The problem of “lean” not having any agreed to keeper of the body of knowledge does make it difficult to know what “lean” means.
I don’t know of an instance where “lean” was designed to specifically say, you know what, Toyota hasn’t gotten completely rid of all performance appraisals as Deming suggested. This is a failure by the Toyota Way to live up to the principle we now intentionally choose for lean.
I do think as many organizations have really put into place some very well designed and implemented lean management systems, new ideas that Toyota didn’t pioneer are becoming more common (for example, much of the work in service, software development, healthcare…).
Please, let me know your thoughts on the ideas I discussed in this post.
Related: Womack’s Lean versus Ohno’s TPS – Toyota Development Process – quotes on management by Taiichi Ohno
Have you read The Birth of Lean?
I have not read The Birth of Lean, it looks interesting. I will order it as soon as I can get through the silly complexity added by those that love to add complexity where it doesn’t belong.
“This title is not available for customers from your location in: Asia & Pacific(change region)”
The ebook is a bargain at $9.99. Sadly the curse of needlessly adding complexity and making life difficult for customers relating to ebooks strikes and I get that message when trying to order it.
Sigh. I wish LEI wouldn’t allow their products to be sold in ways that just makes life difficult for customers. Just because it is easy to make life difficult with electronic sales doesn’t mean you should. I can’t see any good reason why the purchase of this ebook should be dependent on you location on the planet earth. Or why customers certain locations should be blocked from buying.
The excuse for these bad customer practices are normally related to copyright. It is sad that customers are subjected to this type of treatment.
I don’t think you can ever be truly lean. You can look at an aspect of a business and say, ” Yes, that’s lean.” Or “That company practices lean principles.” But continuous improvement is part of lean and the Toyota Production System. Toyota isn’t perfect. They deviate from their own systems.
I guess my point is, when someone points to such and such a company as a great example of lean manufacturing, upon closer examination you will find non-lean activities. So now we are faced with different levels of “lean.” Is company ABC “leaner” than Toyota? Maybe. But perhaps only in certain areas.
That’s why we must stick to the “general principles of lean” that you mention. Because when you put anything under the microscopic, you’ll see opportunities to be more lean.
Too many companies claim to be lean after implementing only a portion of what the Toyota Way outlines. This waters down the lean “brand.” And that’s why Toyota distances themselves from the term, because bad implementations give lean a bad name.

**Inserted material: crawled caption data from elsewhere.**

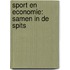 Sport en economie: samen in de spits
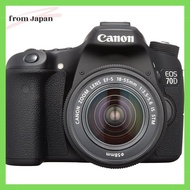 Canon Digital SLR Camera EOS70D Lens Kit with EF-S18-135mm F3.5-5.6 IS STM Black EOS70D18135STMLK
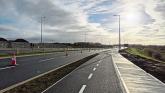 Significant day for Limerick community as first vehicles roll on &euro;58m road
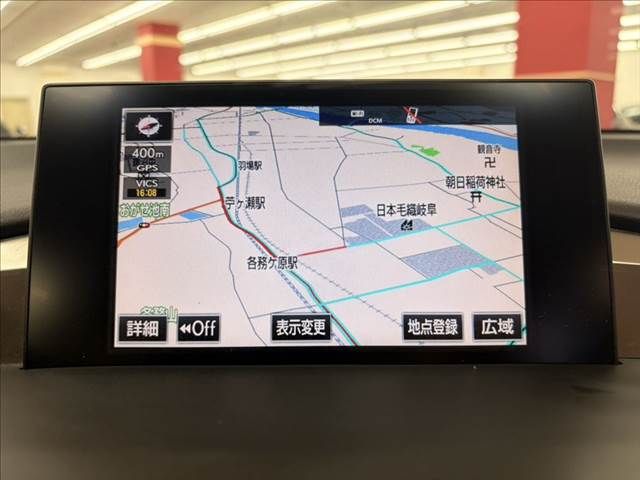 TOYOTA LEXUS NX300h 2014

No one should say they are lean. We should say we are becoming lean, or we’re more lean than we were. Leaner.
Good One John, Lean is just about finding what works best to return value and reduce waste!
By creating learning organisations by investing in people to developing a continuous improvement culture! I think the Toyota Way is just best practise for us to learn and adapt, along with anything else which is useful and well thought out! Eg Switch by the Heath Bros has some great ideas on Change. Which leads me to the Art Of War and Book of Changes, they say managing big is the same as small, it’s a matter of organisation, planning, awareness, leadership and training and treating your staff well. thats LEAN!